Come il suo predecessore, Inside è un’esperienza mistica. Si potrebbe annoverare tra i suoi difetti l’essere un’avventura poco longeva – vi saranno sufficienti una manciata di ore per completarlo -, il livello di sfida d’altronde non è esagerato e inoltre è poco rigiocabile. D’altronde è questo che vuole essere Inside, un “mordi e fuggi”, breve ma intenso, qualcosa di passeggero che però, nella sua fugacità, riesce fare breccia nel cuore dei giocatori. Nei confronti dell’Olimpo videoludico Inside si presenta esattamente come il suo protagonista: piccolo, diverso, arguto e con qualcosa in più rispetto agli altri.
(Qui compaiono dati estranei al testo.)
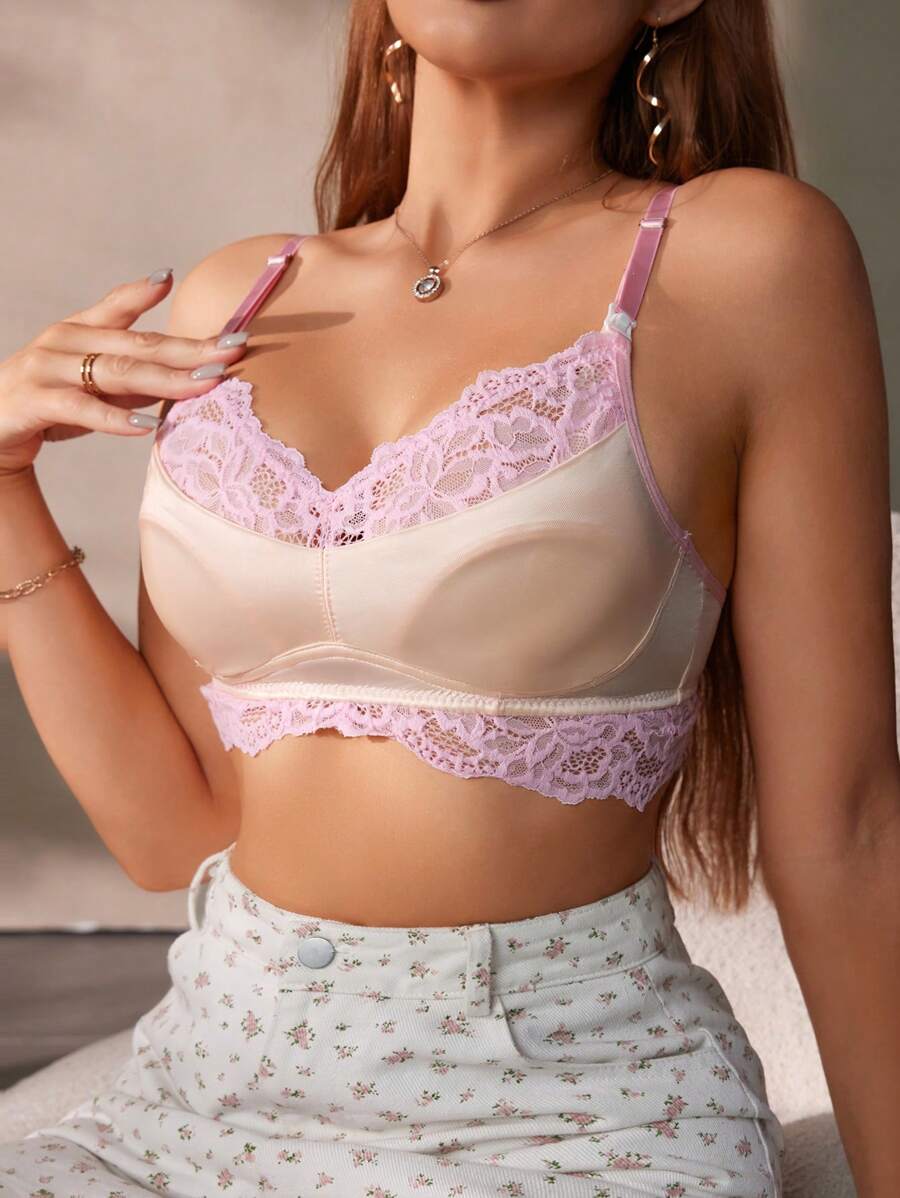 Maternity Floral Lace Patchwork Nursing Bra Women Soft Wireless Comfortable Breastfeeding Support Bra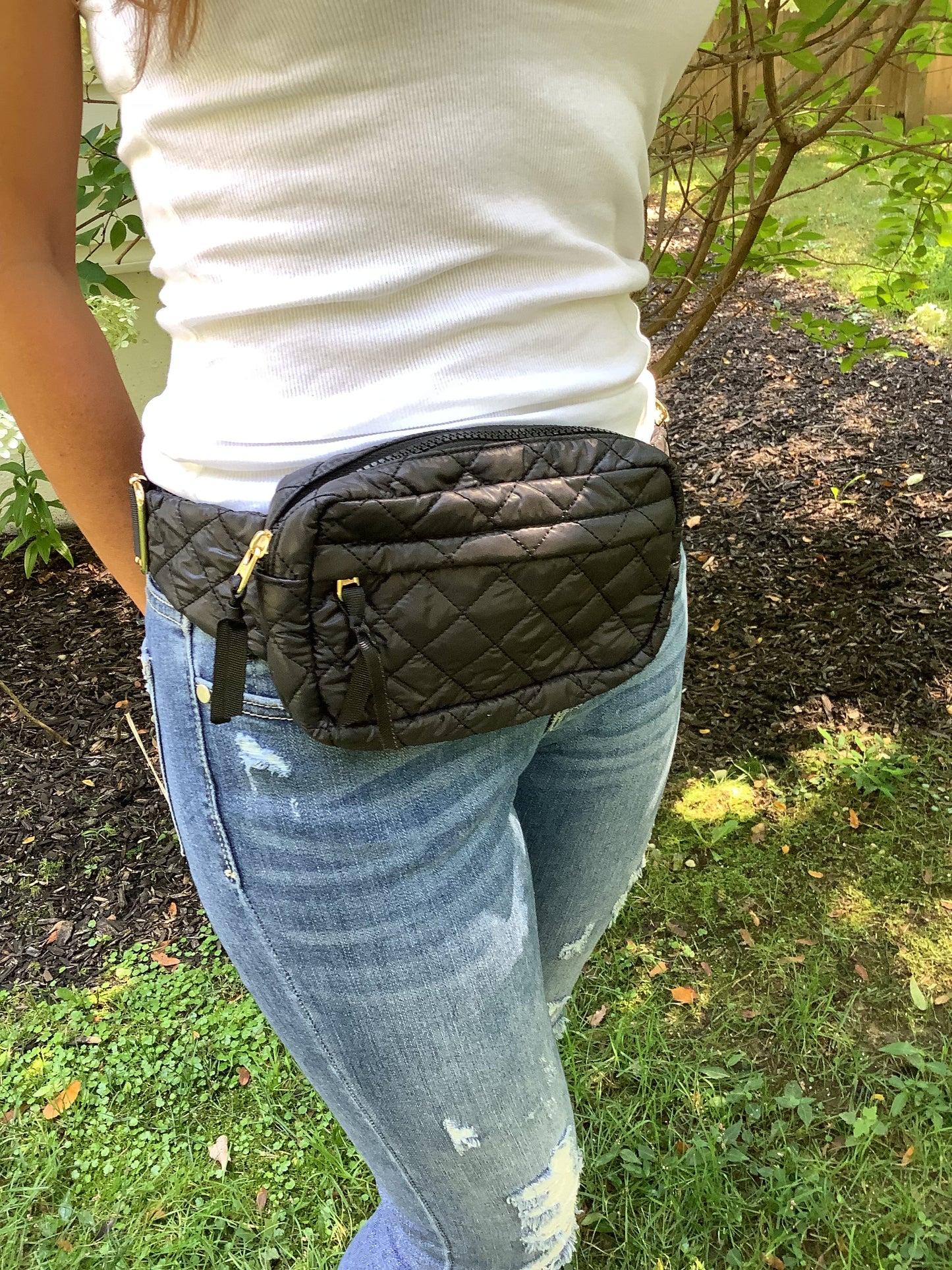 QUILTED BELT BAG FANNY BAG WAIST BAG - BLACK OR NAVY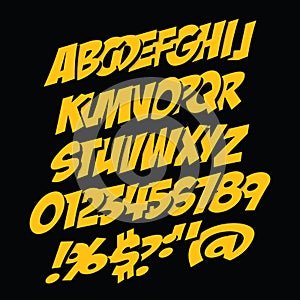 Comics style font. Vector alphabet.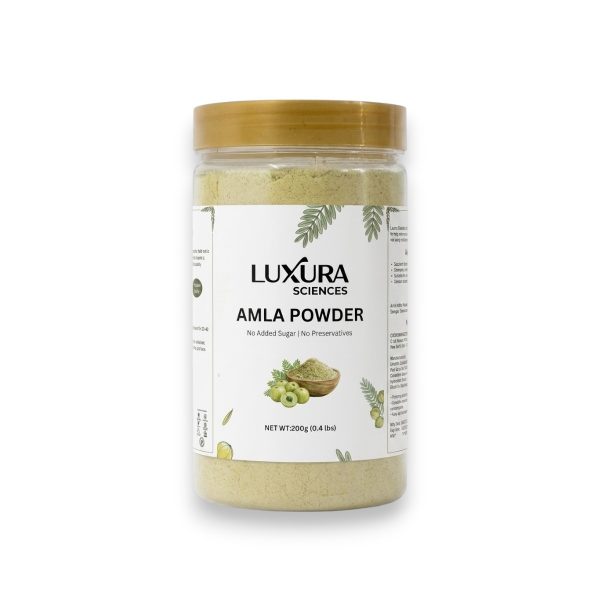 Luxura Sciences Pure Amla Powder for Hair Nourishment & Strength - Vitamin C Rich Herbal Care (200g)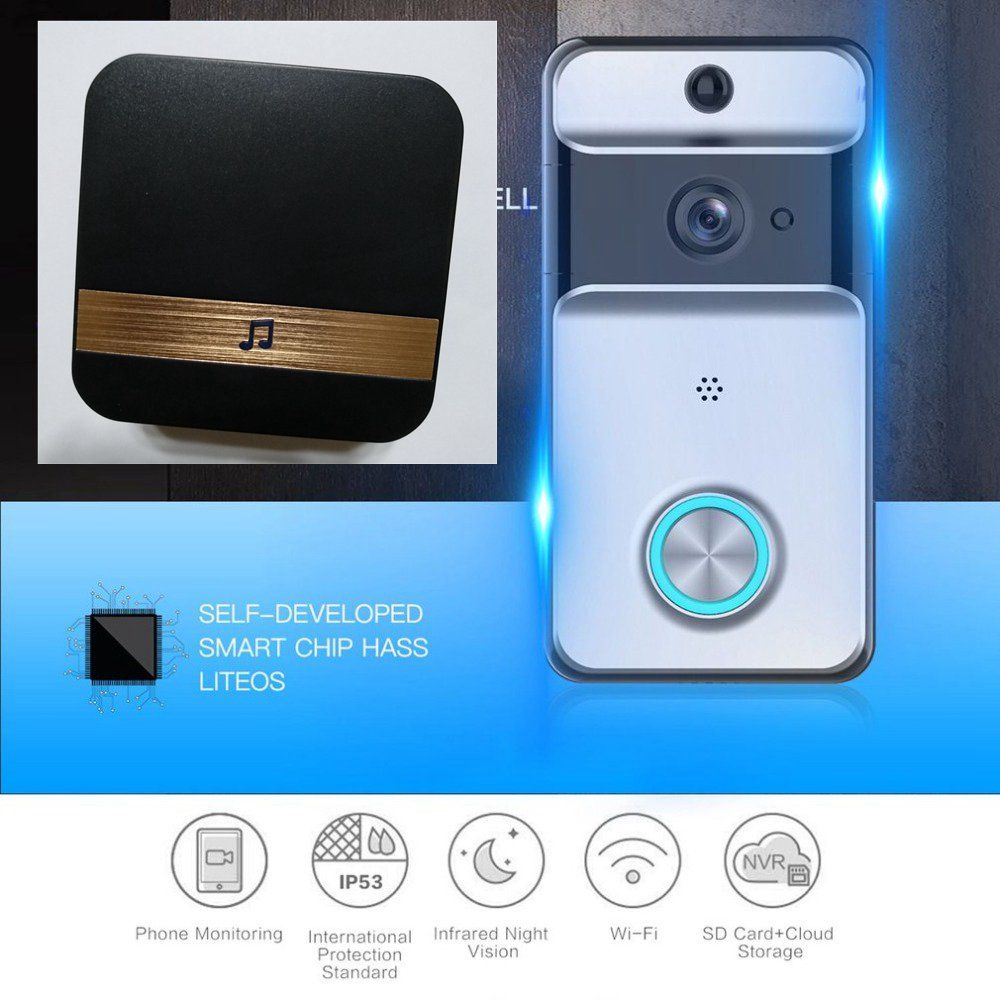 2020 Indoor Chime IP53 Waterproof Wireless Door Bell WI FI Video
Il ritorno di Playdead non poteva che essere un altro mini-capolavoro. Inside continua sulla scia di Limbo e regala una manciata di ore di altissimo livello: uno stile artistico che lascia che siano le immagini e i suoni a raccontare una storia dai toni cupi e distopici e un gameplay tanto semplice quanto efficace, il tutto contornato da puzzle stuzzicanti, rendono Inside un titolo da “vivere”, ancora prima che da giocare. Qualche ora di gioco in più e qualche elemento di rigiocabilità avrebbero gonfiato il giudizio finale verso la perfezione, ma in fondo è la sua essenza da “mordi e fuggi” a rendere Inside tanto emozionante.